*** Data for this exercise Section Begins ***

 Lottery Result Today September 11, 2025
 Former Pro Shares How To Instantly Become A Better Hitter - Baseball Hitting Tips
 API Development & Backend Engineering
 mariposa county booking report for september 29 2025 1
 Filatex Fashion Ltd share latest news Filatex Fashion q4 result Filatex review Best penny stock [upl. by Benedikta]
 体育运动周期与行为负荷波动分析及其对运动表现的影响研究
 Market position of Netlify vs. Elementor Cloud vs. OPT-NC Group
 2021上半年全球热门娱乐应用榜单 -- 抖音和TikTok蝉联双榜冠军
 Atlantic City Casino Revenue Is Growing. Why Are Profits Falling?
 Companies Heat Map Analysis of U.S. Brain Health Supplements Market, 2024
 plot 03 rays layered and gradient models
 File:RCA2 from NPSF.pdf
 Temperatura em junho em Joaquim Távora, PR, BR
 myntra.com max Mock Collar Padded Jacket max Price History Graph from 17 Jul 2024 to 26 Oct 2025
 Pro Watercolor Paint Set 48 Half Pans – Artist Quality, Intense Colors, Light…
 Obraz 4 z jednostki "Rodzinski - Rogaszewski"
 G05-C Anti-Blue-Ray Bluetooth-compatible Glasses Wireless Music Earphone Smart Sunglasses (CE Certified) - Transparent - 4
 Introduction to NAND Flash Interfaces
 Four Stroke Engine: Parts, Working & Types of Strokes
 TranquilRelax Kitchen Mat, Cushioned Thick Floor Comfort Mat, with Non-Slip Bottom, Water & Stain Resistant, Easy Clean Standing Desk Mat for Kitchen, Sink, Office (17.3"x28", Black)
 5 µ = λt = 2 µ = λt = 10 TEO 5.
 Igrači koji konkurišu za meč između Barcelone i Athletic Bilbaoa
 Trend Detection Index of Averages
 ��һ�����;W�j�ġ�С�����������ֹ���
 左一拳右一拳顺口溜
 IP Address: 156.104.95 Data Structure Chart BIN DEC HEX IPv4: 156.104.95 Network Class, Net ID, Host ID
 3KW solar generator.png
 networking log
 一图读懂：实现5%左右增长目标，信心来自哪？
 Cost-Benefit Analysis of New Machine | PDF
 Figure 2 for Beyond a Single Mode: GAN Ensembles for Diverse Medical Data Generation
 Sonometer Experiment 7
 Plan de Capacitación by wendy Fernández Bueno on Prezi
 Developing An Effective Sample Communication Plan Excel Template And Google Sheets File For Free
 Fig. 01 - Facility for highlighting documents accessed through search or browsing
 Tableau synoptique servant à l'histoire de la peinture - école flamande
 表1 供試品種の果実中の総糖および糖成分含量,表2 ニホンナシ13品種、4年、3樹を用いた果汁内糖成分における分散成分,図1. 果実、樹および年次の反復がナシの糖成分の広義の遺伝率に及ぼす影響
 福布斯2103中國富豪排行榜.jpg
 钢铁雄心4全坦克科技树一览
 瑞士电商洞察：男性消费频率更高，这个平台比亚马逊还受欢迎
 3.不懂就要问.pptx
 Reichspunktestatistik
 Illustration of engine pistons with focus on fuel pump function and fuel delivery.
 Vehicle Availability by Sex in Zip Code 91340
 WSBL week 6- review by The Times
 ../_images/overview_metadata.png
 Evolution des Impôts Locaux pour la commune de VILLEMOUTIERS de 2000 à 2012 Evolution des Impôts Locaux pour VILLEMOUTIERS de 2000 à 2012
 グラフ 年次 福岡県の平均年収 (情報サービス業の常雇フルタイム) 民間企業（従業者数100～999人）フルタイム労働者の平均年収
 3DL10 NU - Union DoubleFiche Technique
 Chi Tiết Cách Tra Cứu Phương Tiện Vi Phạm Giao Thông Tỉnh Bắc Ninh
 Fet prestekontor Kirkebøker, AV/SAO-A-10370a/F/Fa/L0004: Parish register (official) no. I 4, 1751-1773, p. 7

*** Data for this exercise Section Ends ***

Exercise description: Go through the data above and copy all of it exactly.

Result:
 Lottery Result Today September 11, 2025
 Former Pro Shares How To Instantly Become A Better Hitter - Baseball Hitting Tips
 API Development & Backend Engineering
 mariposa county booking report for september 29 2025 1
 Filatex Fashion Ltd share latest news Filatex Fashion q4 result Filatex review Best penny stock [upl. by Benedikta]
 体育运动周期与行为负荷波动分析及其对运动表现的影响研究
 Market position of Netlify vs. Elementor Cloud vs. OPT-NC Group
 2021上半年全球热门娱乐应用榜单 -- 抖音和TikTok蝉联双榜冠军
 Atlantic City Casino Revenue Is Growing. Why Are Profits Falling?
 Companies Heat Map Analysis of U.S. Brain Health Supplements Market, 2024
 plot 03 rays layered and gradient models
 File:RCA2 from NPSF.pdf
 Temperatura em junho em Joaquim Távora, PR, BR
 myntra.com max Mock Collar Padded Jacket max Price History Graph from 17 Jul 2024 to 26 Oct 2025
 Pro Watercolor Paint Set 48 Half Pans – Artist Quality, Intense Colors, Light…
 Obraz 4 z jednostki "Rodzinski - Rogaszewski"
 G05-C Anti-Blue-Ray Bluetooth-compatible Glasses Wireless Music Earphone Smart Sunglasses (CE Certified) - Transparent - 4
 Introduction to NAND Flash Interfaces
 Four Stroke Engine: Parts, Working & Types of Strokes
 TranquilRelax Kitchen Mat, Cushioned Thick Floor Comfort Mat, with Non-Slip Bottom, Water & Stain Resistant, Easy Clean Standing Desk Mat for Kitchen, Sink, Office (17.3"x28", Black)
 5 µ = λt = 2 µ = λt = 10 TEO 5.
 Igrači koji konkurišu za meč između Barcelone i Athletic Bilbaoa
 Trend Detection Index of Averages
 ��һ�����;W�j�ġ�С�����������ֹ���
 左一拳右一拳顺口溜
 IP Address: 156.104.95 Data Structure Chart BIN DEC HEX IPv4: 156.104.95 Network Class, Net ID, Host ID
 3KW solar generator.png
 networking log
 一图读懂：实现5%左右增长目标，信心来自哪？
 Cost-Benefit Analysis of New Machine | PDF
 Figure 2 for Beyond a Single Mode: GAN Ensembles for Diverse Medical Data Generation
 Sonometer Experiment 7
 Plan de Capacitación by wendy Fernández Bueno on Prezi
 Developing An Effective Sample Communication Plan Excel Template And Google Sheets File For Free
 Fig. 01 - Facility for highlighting documents accessed through search or browsing
 Tableau synoptique servant à l'histoire de la peinture - école flamande
 表1 供試品種の果実中の総糖および糖成分含量,表2 ニホンナシ13品種、4年、3樹を用いた果汁内糖成分における分散成分,図1. 果実、樹および年次の反復がナシの糖成分の広義の遺伝率に及ぼす影響
 福布斯2103中國富豪排行榜.jpg
 钢铁雄心4全坦克科技树一览
 瑞士电商洞察：男性消费频率更高，这个平台比亚马逊还受欢迎
 3.不懂就要问.pptx
 Reichspunktestatistik
 Illustration of engine pistons with focus on fuel pump function and fuel delivery.
 Vehicle Availability by Sex in Zip Code 91340
 WSBL week 6- review by The Times
 ../_images/overview_metadata.png
 Evolution des Impôts Locaux pour la commune de VILLEMOUTIERS de 2000 à 2012 Evolution des Impôts Locaux pour VILLEMOUTIERS de 2000 à 2012
 グラフ 年次 福岡県の平均年収 (情報サービス業の常雇フルタイム) 民間企業（従業者数100～999人）フルタイム労働者の平均年収
 3DL10 NU - Union DoubleFiche Technique
 Chi Tiết Cách Tra Cứu Phương Tiện Vi Phạm Giao Thông Tỉnh Bắc Ninh
 Fet prestekontor Kirkebøker, AV/SAO-A-10370a/F/Fa/L0004: Parish register (official) no. I 4, 1751-1773, p. 7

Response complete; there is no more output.